Strategy means different things to different people. Some would call it a plan. Others would refer to it as a system to counter a competitor. Yet some others would see it as a game plan.
First and foremost, strategy is not an event – it is a process that leads to an event. Moreover, strategy is a formal process. And strategy depends on the frame of reference – the company itself, the environment, the moment or the situation, the competitors, the pricing and a whole host of variables.
Strategy therefore has three important components:
One must remember that the strategy that you started with need not be the one you executed – because during the execution itself, some of the variables would have changed. Therefore, there are three possibilities:
- Envisaged Strategy - What You Planned
- Implemented Strategy - What Actually Happens
- Retrospective Strategy - What Should Have Happened
A good strategy, as mentioned earlier is a process.
It starts with:
- Understanding the situation
- Evaluating alternative courses of action
- Choosing a course of action and acting on it
If you observe a chess player, you will see the player visibly going through these three motions. Little wonder that the chessboard (with some chess pieces thrown in) has become synonymous with strategy.
“No deliberation made by a single person will be successful; the nature of the work which a sovereign has to do is to be inferred from the consideration of both the visible and invisible causes.” - Chanakya
A strategic decision might be taken by one person, but it is the result of the direct or indirect involvement of many.
Some important factors in strategy
- Arenas – Where will we be active? – This really refers to what business we will pursue. Obviously, this depends largely on your core competence and to a certain extent on the market attractiveness. This further boils down to the product categories and the market segments that you would like to cater to. You would also consider the geographic areas or locations you would consider catering to, based on their accessibility, attractiveness, lifestyle etc. A virgin market may be very attractive to some companies while many others in the same category might find it a challenge. You would also look at the core technologies that you would cater to.
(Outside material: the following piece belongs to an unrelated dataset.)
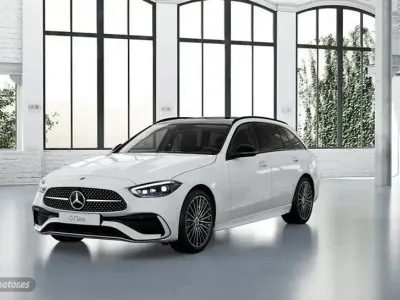 Usado Mercedes C220 200 CV (147 kW) 2022 Blanco Familiar
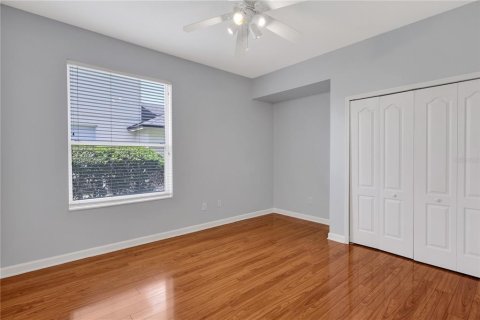 House in Apopka, Florida 4 bedrooms, 324.23 sq.m. № 2095669 - photo 29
- Vehicles – How will we get there? – This would take into consideration factors such as the people required, budgets required and also the technologies and infrastructure required. You would look at partnerships and alliances – and what synergies you could get from such alliances. This is the stage where you also look at franchising and other distribution vehicles. You look for strategic alliances and potential partners.
- Differentiators – How will we win in the marketplace over competitors? – Here you will look at the differentiators such as pricing and the brand itself. You will look at how you would like to package yourself as a company and as a product or service. Pricing considerations would be governed by affordability, competitor pricing and image perceptions. You may want to position yourself as exclusive or reasonable. You could look at positioning yourself as affordable. Micromax, for example, has positioned itself as an affordable brand. You would also look at product reliability. Do you want to be seen as a robust, never die, product that will survive a thousand knocks, or would you rather position yourself as a quick agile product that launches fast but with a shelf life that will outlast the technology but not the industry?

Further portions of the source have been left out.